LAUSR

The presence or absence of certain symmetries in the normal state (NS) also determines the symmetry of the Cooper pairs. Here, we show that parity ($\mathcal{P}$-) and time-reversal ($\mathcal{T}$-) odd Dirac insulators (trivial or topological) or metals, sustain a local or intraunit cell pairing that supports corner (in $d=2$) or hinge (in $d=3$) modes of Majorana fermions and stands as a higher-order topological superconductor (HOTSC), when the NS additionally breaks discrete fourfold (${C}_{4}$) symmetry.
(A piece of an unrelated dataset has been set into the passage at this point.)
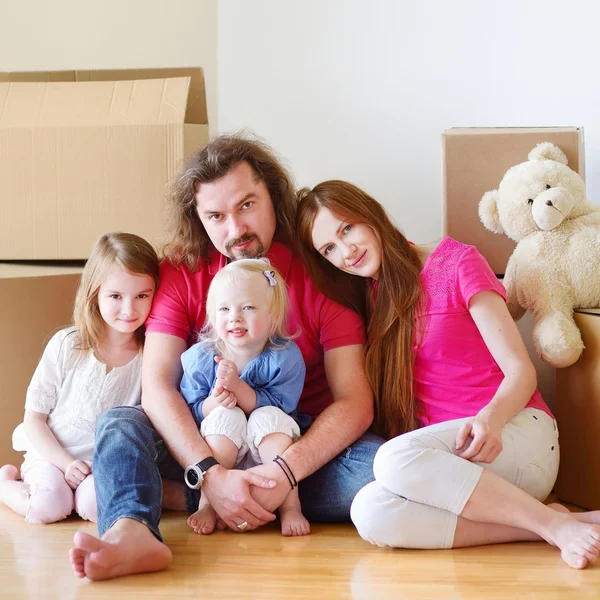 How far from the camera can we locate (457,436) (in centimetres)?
136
Although these outcomes do not rely on the existence of a Fermi surface, around it (when the system is doped) the HOTSC takes the form of a mixed parity, $\mathcal{T}$-odd (due to the lack of $\mathcal{P}$ and $\mathcal{T}$ in the NS, respectively) $p+id$ pairing, where the $p(d$)-wave component stems from the Dirac nature of quasiparticles (lack of ${C}_{4}$ symmetry) in the NS. Thus, when strained, magnetically ordered Dirac materials, such as doped magnetic topological insulators (${\mathrm{MnBi}}_{2}{\mathrm{Te}}_{4}$), can harbor HOTSCs, while the absence of an external strain should be conducive for the axionic $p+is$ pairing.